Although the data below holds other lines too, output only those from the line with "Aquamarine Halo Dangle" up to and including the line with "thumbnail image 1", exactly as they appear.

══ Exercise inputs ══

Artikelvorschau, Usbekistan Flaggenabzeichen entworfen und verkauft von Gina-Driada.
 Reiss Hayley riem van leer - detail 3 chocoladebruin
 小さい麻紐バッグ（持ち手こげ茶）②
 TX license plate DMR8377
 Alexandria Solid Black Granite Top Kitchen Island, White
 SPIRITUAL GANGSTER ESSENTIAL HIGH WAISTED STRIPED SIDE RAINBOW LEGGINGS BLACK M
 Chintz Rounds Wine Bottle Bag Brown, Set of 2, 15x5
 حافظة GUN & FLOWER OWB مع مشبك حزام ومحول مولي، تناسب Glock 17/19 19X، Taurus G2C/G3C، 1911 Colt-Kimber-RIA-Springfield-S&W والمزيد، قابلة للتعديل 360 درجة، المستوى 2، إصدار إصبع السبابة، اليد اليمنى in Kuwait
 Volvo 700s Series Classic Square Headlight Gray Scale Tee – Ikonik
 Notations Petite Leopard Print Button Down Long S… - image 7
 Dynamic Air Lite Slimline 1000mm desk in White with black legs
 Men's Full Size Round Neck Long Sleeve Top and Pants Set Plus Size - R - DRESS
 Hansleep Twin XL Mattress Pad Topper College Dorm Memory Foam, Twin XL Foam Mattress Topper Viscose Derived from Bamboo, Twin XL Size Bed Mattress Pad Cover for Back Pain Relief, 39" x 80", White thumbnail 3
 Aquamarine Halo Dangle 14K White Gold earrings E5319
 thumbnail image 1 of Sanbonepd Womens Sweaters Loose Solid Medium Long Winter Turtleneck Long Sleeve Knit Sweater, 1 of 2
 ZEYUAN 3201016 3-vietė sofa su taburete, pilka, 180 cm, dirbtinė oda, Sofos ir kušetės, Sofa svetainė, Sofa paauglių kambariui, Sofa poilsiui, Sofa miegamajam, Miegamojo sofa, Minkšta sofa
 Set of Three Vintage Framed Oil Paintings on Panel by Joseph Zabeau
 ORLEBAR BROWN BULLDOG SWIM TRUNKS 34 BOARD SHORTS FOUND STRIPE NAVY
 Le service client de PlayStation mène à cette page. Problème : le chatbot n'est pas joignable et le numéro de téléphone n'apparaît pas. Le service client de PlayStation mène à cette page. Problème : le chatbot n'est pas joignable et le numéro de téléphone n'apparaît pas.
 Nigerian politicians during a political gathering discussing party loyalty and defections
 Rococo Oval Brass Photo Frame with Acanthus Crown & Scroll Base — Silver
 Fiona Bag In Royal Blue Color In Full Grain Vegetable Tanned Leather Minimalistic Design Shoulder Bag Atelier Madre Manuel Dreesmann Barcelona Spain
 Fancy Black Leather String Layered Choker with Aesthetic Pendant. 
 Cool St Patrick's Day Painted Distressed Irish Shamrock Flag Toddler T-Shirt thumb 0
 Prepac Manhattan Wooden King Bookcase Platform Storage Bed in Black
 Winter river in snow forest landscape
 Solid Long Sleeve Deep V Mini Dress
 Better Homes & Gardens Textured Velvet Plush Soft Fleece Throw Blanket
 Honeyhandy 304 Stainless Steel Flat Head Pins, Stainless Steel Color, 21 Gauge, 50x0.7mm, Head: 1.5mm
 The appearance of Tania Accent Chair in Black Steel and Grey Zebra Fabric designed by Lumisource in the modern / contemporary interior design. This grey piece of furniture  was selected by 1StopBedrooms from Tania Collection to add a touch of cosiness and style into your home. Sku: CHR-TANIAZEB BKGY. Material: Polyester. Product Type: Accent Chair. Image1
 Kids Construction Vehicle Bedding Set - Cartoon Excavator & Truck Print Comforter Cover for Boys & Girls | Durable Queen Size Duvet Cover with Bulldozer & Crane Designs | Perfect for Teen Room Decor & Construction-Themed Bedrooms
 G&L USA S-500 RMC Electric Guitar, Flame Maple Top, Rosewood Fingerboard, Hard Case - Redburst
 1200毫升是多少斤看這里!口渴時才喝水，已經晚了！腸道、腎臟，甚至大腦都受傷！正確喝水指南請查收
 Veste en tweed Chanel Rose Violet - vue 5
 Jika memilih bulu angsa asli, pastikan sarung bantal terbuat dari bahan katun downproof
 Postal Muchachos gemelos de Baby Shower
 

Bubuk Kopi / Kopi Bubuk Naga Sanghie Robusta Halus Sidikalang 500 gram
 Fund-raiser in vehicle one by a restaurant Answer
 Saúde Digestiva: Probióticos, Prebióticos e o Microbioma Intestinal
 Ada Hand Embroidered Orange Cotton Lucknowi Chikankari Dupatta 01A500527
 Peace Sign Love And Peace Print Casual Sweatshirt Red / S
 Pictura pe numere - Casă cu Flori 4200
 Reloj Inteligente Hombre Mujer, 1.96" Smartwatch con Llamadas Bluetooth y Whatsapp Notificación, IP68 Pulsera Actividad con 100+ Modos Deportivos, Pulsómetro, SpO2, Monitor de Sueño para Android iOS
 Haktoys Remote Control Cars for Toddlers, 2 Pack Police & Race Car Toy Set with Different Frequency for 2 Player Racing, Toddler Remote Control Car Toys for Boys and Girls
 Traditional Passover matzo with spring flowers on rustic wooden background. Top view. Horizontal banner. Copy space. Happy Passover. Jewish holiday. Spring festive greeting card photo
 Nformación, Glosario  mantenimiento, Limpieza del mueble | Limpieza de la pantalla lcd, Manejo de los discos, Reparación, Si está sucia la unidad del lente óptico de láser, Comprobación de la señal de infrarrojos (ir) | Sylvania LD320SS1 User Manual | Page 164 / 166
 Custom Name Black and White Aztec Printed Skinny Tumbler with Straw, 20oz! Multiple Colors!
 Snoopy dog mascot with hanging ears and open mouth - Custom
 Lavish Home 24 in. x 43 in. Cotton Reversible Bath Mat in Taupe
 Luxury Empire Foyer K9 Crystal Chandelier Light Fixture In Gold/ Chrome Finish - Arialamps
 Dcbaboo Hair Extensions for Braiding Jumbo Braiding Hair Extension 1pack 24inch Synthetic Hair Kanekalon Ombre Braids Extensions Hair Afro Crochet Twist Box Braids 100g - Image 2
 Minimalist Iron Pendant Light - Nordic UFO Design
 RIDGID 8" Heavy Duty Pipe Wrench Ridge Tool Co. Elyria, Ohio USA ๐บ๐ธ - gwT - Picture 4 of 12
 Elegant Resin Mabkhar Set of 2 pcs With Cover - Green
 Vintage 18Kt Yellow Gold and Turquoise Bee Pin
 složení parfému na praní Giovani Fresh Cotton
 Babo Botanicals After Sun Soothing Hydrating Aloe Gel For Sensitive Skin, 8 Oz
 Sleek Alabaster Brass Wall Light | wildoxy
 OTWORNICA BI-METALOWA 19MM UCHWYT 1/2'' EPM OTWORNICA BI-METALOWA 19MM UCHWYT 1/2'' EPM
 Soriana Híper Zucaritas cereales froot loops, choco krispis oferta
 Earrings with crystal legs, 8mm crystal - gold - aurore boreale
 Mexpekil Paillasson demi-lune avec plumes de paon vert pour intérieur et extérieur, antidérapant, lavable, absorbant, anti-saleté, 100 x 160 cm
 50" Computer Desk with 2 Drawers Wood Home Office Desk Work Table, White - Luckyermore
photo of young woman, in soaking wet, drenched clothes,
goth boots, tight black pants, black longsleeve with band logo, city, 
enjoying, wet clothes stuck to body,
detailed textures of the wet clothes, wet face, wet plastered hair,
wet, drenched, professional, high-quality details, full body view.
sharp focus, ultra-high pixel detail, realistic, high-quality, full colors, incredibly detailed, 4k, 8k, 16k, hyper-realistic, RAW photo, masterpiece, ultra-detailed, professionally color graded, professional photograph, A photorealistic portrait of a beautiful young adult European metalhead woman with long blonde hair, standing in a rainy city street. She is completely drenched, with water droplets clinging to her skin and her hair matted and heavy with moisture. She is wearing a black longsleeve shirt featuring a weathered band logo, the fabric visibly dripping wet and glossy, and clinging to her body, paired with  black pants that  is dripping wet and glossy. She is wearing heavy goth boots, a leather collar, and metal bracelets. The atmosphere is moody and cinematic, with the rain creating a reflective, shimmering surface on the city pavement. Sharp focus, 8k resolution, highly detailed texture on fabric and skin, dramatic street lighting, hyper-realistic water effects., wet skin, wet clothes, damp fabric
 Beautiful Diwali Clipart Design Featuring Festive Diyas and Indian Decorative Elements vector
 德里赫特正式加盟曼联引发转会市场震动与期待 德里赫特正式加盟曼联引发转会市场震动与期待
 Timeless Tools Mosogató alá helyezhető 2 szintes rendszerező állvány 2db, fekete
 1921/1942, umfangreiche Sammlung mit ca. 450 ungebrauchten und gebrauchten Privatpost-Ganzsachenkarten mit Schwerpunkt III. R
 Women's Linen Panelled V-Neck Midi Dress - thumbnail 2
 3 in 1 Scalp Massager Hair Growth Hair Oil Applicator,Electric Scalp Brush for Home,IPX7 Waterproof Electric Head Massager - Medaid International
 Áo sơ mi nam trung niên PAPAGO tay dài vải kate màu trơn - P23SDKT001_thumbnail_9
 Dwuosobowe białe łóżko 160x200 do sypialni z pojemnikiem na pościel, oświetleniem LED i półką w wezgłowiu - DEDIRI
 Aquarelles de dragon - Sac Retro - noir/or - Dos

═══

[Answer box]
 Aquamarine Halo Dangle 14K White Gold earrings E5319
 thumbnail image 1 of Sanbonepd Womens Sweaters Loose Solid Medium Long Winter Turtleneck Long Sleeve Knit Sweater, 1 of 2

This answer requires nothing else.